Given material:
——————
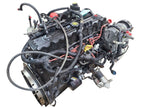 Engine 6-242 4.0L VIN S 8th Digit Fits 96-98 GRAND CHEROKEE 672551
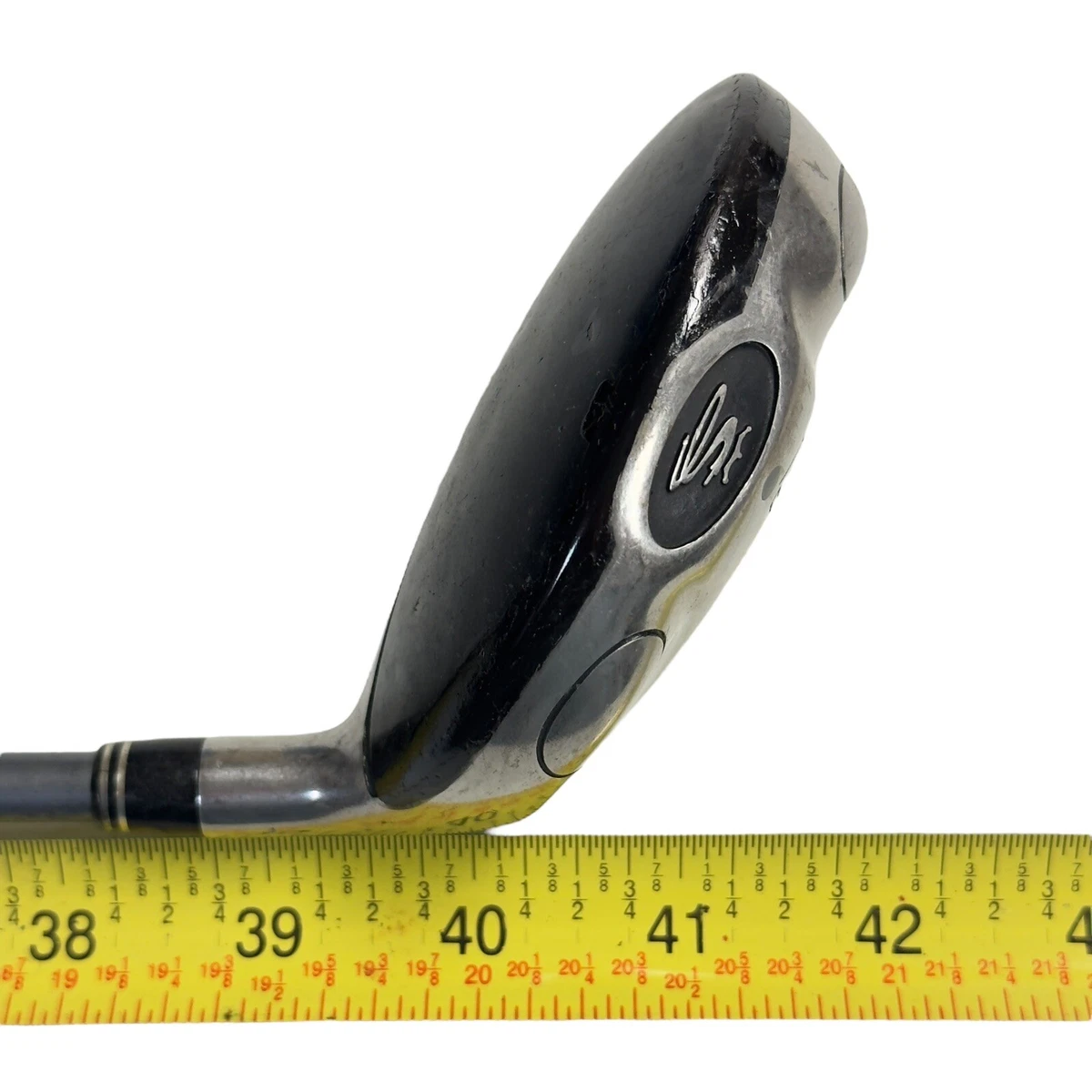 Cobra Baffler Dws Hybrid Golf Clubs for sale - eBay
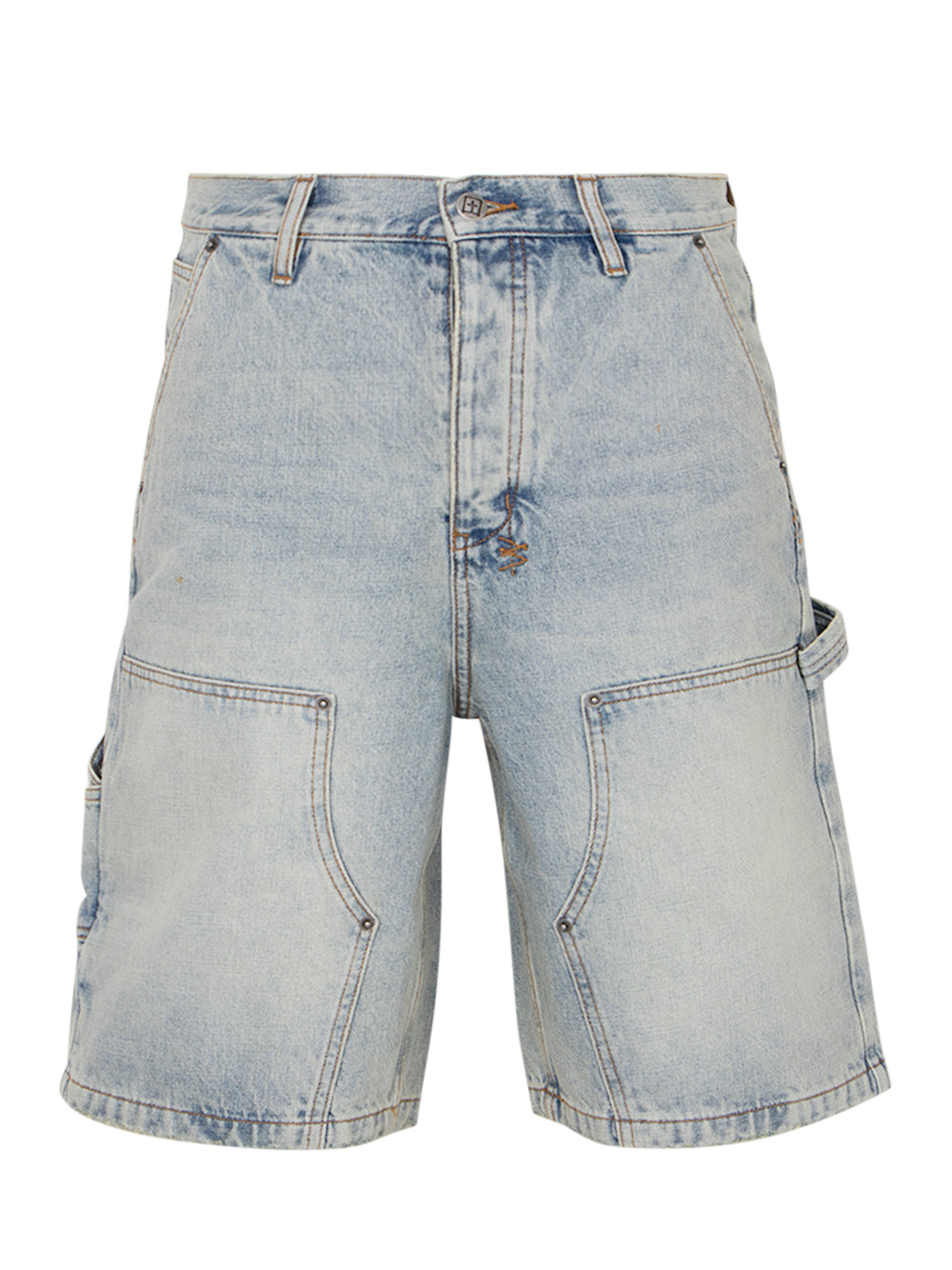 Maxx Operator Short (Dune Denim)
——————
What the exercise asks: Output all of the listing above, exactly as given, but without its pictures.

Response box:
 Engine 6-242 4.0L VIN S 8th Digit Fits 96-98 GRAND CHEROKEE 672551
 Cobra Baffler Dws Hybrid Golf Clubs for sale - eBay
 Maxx Operator Short (Dune Denim)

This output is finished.